# Eric, Another Question or 2 on Anxiety



## BQ (May 22, 2000)

Ok, one more time........







Could you go thru the chain of events one more time? Or _is_ there a chain of events? When, exactly, is the anxiety fight/flight mechanism engaged in us? Like what happens first (does a stressful event take place? or, is it about to? Or do emotions, like lets say fear, come to into play 1st, or our thinking etc.) And, how, or does, that response differ from Non-IBS'ers? Also, let's say I'm experiencing a known trigger, like heat, is that anxiety engaged because I experienced that heat? Am I having that anxiety kick in as well as D or pain? Or am I having D or pain _because_ that anxiety kicked in?I know, for myself that I can have anxiety kick in, that I'm aware of, once I already have the pain. But I wondered is that anxiety thing kicking in independently of stress, thinking or emotions?Thanks







BQ


----------



## AZmom1 (Dec 6, 1999)

BQ,I hope you don't mind if I respond here.

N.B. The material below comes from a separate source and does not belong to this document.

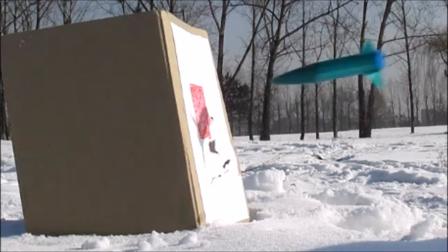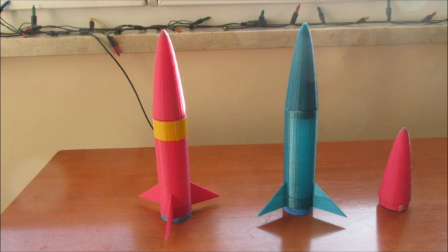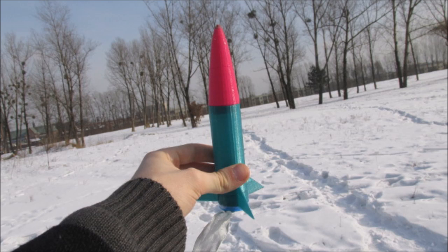Thank you for watching today's video and I hope that you enjoyed it. Unfortunately, this rocket is incredibly difficult to film and I tried to do my best to get it into the camera and get some good shots of it, but it moves so fast and my printer has certain limitations for size, so I couldn't print it too much larger.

The fight or flight response may be triggered by a thought. Let's say that over time, we have D attacks when it is hot outside. We make a connection in our mind, whether accurate or not, that the heat has caused this IBS attack. Eventually your subconscious thinks heat=IBS, ok, I know what to do here, and as expected, IBS kicks in. So we have to override these old thought patterns. It is difficult to do with conscious effort. The conscious is the critical part of mind, and does not believe the things we say to ourselves. That is why hypnosis is more effective, it changes subconscious thought patterns, using the language of the subconscious, imagery and metaphor. Hypnosis bypasses the critical conscious mind, and suggestions are accepted. However, the job of the subconscious is to keep us safe, and thinks that what you want is IBS symptoms. This is where those mind armies kick in. Try to stop those conscious thoughts of IBS when you have them. Notice if you say, "It's hot today, I wonder if I'll have an IBS attack." Stop those thoughts as soon as you notice them, and replace them with Mike's imagery. Think and picture instead "No, the Starflakes cause my digestive tract to relax and my wheel of comfort is properly adjusted, and the river is moving gently..." or whatever works for you. You have to keep at it, use the imagery, stop those old thoughts, and replace them.AZ


----------



## BQ (May 22, 2000)

Ok AZ, I think I got it. So it is critically important to nip these kinds of thoughts in the bud. To immediately replace them with the imagery or "calming gut positive speak". Thus avoiding the "IBS response" and using the new neural pathways developed by the hypno instead; which trigger a "Non-IBS" response. Positive breeds positive/Negative breeds negative.AZ







respond anytime!! Remind me anytime







Thanks! BQ[This message has been edited by BQ (edited 09-01-2001).]


----------



## AZmom1 (Dec 6, 1999)

BQ,Remember, you're trying to replace the old thought patterns with the new ones from Mike's tapes. The mind armies try to infiltrate and make their way back in, bringing along the old thought patterns. This is why it is important to stop them, replace them, and allow the new thought patterns to take hold.I think you've got it.







AZ


----------



## eric (Jul 8, 1999)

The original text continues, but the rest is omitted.